Q4 In the “WAT” album (2003) you seem to point to the unsustainability of the global economy by questioning its existence (e.g. “Das spiel ist aus”)… What would be your main critiques to the economic system and towards the global economy nowadays – 20 years after the release of WAT?

A: These are familiar problems. There is no point in listing and repeating them, but they are probably unsolvable in the context of a global capitalist economy that demands constant self-expansion, which it cannot sustain, obsessed with growth rates and profitability. Capitalism is the most successful and attractive, but also the most destructive and suicidal ideological-economic system. The main criticism of the existing system is that it actually behaves like a classic substance addict. It is aware that drugs are slowly killing it and harming everyone around, but it cannot help but continue to take them. It just wraps the drugs and the addiction in an ‘environmentally friendly’ packaging and pretends that this will solve the problem, even though it knows, of course, that it won’t work in reality. Capitalism will never change in principle, but if we do not want it to drag the whole thing into the abyss, we need to treat it as we treat a serious addict and – for our own benefit – help it to become less suicidal and force it to act in a socially responsible way whenever possible. Of course, this will not really save capitalism, nor us from it, but at least it will make us feel good.

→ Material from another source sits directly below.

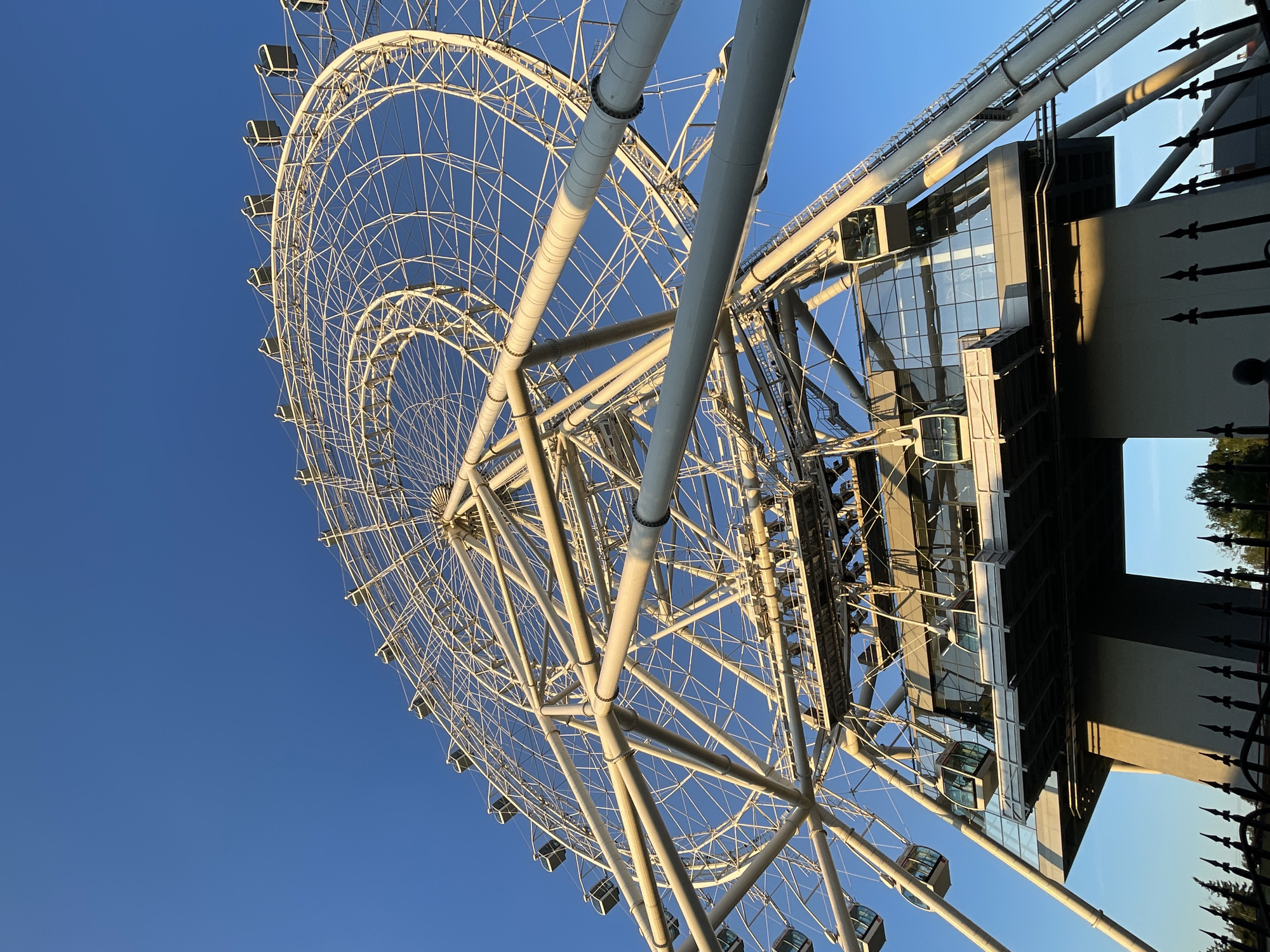 Large white Ferris wheel rising above park trees on a clear day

Q5 In conclusion, how would Laibach comment on contemporary mainstream economic policies in Europe and in the so-called Western societies? What do policy makers have to learn from Laibach?

A: We can’t really give complex economic advice because we’re not economics experts or policy makers. Nevertheless, we recommend to everyone to go slow and pay attention to communication. In an age of speed and overload of information and communication distractions this would be the only method that makes some sense, probably also within the mainstream economic policies. Go slow and take your time.